Segment Start: Record excerpts
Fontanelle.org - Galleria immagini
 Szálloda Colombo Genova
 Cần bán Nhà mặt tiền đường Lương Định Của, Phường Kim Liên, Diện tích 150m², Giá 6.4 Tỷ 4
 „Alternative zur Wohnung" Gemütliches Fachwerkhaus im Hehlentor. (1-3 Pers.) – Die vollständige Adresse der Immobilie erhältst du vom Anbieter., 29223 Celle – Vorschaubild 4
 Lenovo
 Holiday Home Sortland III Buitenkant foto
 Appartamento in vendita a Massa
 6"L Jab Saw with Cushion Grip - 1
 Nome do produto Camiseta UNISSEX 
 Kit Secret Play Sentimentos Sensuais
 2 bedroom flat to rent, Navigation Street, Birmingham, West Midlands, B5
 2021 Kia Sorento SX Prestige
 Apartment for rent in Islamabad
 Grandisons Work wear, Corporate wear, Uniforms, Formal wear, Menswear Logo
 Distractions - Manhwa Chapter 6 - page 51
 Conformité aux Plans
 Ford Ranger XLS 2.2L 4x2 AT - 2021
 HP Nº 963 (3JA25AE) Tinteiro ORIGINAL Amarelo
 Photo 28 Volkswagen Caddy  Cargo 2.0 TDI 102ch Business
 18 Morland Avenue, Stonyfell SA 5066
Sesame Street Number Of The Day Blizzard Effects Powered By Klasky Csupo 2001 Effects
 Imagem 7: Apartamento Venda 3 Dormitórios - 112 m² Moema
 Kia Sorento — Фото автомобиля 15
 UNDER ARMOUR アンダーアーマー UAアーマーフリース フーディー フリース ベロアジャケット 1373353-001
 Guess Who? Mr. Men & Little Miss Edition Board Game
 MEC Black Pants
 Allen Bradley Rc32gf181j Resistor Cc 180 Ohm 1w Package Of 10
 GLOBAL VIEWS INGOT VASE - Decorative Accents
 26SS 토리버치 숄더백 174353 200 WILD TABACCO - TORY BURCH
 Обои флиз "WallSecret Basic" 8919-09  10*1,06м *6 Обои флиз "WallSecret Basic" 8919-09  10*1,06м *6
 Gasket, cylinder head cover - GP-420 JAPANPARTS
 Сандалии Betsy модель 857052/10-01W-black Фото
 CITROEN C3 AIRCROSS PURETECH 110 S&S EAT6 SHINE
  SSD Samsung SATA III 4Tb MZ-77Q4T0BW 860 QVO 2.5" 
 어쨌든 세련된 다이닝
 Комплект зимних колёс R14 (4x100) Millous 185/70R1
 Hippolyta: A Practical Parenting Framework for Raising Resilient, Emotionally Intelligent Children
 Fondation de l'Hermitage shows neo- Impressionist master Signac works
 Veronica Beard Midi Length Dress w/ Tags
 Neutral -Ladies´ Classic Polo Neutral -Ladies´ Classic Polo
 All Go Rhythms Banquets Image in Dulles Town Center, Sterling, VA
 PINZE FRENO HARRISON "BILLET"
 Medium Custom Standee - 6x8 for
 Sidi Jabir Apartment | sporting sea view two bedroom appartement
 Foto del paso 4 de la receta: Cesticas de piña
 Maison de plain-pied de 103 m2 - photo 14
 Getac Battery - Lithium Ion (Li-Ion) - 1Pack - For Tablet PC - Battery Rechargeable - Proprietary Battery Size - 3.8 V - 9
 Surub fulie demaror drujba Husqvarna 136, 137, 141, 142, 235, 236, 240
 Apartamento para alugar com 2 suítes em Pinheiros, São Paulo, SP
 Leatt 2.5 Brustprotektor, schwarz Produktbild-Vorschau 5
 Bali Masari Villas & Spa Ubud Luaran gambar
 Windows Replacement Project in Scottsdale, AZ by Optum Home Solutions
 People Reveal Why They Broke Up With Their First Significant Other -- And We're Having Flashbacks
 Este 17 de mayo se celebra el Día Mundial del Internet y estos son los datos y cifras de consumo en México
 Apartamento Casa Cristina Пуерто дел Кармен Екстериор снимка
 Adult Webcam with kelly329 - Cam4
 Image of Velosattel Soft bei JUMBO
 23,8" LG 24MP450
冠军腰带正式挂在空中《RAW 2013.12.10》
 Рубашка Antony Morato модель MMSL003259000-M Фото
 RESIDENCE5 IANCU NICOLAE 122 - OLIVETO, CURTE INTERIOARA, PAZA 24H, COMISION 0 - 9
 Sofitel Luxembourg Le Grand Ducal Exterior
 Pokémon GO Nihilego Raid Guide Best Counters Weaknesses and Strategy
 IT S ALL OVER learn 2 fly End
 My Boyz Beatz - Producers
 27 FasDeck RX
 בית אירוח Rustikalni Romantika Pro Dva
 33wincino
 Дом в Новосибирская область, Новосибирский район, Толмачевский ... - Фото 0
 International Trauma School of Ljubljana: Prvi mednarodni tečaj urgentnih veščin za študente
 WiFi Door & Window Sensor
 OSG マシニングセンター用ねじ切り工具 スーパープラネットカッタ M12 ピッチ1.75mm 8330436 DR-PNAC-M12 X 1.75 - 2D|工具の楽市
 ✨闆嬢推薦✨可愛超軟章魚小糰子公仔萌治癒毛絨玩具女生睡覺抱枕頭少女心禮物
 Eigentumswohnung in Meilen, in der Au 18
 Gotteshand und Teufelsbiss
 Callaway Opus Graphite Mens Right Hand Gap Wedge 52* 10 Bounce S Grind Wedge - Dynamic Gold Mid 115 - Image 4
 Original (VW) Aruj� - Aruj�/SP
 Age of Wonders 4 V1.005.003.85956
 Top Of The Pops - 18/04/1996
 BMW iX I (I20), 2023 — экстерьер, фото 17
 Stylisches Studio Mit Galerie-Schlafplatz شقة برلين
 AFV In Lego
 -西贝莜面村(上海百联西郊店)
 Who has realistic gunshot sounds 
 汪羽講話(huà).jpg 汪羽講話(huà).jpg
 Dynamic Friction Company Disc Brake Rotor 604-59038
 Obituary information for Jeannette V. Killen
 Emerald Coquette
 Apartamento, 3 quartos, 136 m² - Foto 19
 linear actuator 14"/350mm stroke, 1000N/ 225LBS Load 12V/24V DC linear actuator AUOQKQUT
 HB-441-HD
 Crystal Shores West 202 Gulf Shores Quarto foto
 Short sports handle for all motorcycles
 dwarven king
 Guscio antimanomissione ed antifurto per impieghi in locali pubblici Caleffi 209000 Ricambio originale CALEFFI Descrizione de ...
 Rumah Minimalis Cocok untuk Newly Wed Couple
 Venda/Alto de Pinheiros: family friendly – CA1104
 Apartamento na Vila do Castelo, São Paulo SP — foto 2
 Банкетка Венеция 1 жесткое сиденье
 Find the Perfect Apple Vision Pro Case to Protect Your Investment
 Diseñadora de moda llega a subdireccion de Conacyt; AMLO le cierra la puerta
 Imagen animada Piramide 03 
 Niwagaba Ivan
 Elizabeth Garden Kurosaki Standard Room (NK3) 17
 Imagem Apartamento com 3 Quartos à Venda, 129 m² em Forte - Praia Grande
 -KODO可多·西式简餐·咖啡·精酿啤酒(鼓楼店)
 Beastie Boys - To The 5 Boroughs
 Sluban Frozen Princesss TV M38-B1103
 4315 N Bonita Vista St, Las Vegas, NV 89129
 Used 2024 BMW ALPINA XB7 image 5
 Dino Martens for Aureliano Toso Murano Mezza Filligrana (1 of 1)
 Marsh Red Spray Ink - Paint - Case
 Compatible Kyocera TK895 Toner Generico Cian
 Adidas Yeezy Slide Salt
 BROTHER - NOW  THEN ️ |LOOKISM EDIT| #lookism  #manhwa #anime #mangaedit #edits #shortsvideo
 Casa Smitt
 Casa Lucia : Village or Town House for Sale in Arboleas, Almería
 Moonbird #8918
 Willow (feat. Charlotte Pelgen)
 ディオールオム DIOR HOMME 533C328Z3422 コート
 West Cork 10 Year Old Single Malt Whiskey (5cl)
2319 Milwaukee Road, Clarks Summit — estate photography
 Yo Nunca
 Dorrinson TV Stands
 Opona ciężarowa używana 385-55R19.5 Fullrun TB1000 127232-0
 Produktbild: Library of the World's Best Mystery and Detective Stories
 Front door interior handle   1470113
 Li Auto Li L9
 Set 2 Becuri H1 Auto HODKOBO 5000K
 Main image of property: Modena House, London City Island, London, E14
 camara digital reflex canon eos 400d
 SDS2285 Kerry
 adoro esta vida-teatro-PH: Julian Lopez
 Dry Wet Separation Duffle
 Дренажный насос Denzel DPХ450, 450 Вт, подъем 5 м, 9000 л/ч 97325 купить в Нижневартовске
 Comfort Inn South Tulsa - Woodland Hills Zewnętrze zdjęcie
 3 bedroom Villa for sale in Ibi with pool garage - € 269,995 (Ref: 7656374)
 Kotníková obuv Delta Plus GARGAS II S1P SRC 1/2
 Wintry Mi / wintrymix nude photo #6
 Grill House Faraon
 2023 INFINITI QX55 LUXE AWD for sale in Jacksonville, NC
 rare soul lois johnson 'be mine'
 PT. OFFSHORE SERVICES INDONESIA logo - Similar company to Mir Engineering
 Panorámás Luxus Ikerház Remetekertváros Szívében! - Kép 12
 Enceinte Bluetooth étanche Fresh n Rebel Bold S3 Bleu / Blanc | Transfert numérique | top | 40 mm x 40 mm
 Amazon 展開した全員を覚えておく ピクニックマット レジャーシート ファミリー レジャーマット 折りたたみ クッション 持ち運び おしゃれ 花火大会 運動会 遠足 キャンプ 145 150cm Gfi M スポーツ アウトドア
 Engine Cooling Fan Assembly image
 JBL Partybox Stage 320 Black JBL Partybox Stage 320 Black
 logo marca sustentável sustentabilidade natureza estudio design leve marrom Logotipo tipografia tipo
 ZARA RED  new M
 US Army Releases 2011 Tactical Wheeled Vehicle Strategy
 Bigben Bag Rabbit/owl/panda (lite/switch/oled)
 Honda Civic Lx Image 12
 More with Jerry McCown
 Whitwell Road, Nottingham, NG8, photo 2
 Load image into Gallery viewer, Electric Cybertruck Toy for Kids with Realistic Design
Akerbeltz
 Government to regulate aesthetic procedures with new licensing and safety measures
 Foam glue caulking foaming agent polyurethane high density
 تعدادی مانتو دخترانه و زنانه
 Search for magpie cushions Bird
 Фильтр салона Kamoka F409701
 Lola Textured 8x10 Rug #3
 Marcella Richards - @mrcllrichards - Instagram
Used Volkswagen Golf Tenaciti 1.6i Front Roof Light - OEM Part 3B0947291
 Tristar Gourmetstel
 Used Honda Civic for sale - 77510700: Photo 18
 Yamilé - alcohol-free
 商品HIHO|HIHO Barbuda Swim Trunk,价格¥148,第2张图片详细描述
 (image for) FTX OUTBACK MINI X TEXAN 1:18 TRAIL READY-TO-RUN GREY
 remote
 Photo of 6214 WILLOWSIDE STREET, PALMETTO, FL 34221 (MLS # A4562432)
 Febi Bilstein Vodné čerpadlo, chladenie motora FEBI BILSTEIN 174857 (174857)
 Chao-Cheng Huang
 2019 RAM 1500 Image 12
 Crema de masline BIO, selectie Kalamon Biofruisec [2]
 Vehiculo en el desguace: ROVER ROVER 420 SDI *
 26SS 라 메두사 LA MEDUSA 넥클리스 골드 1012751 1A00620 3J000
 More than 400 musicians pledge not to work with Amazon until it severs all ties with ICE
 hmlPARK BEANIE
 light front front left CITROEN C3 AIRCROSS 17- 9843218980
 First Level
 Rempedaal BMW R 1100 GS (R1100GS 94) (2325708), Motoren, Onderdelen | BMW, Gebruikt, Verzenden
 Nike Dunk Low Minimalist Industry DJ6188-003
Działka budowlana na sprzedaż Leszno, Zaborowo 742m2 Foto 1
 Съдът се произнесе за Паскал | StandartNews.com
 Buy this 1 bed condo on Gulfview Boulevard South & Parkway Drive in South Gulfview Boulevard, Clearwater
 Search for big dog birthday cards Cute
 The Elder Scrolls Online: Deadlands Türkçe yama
Segment End: Record excerpts
[What you have to do]: Retype exactly the lines above, from the one with "BMW iX I (I20), 2023 — экстерьер, фото 17" through the one with "Apartamento, 3 quartos, 136 m² - Foto 19", inclusive.

[Solution]:
 BMW iX I (I20), 2023 — экстерьер, фото 17
 Stylisches Studio Mit Galerie-Schlafplatz شقة برلين
 AFV In Lego
 -西贝莜面村(上海百联西郊店)
 Who has realistic gunshot sounds 
 汪羽講話(huà).jpg 汪羽講話(huà).jpg
 Dynamic Friction Company Disc Brake Rotor 604-59038
 Obituary information for Jeannette V. Killen
 Emerald Coquette
 Apartamento, 3 quartos, 136 m² - Foto 19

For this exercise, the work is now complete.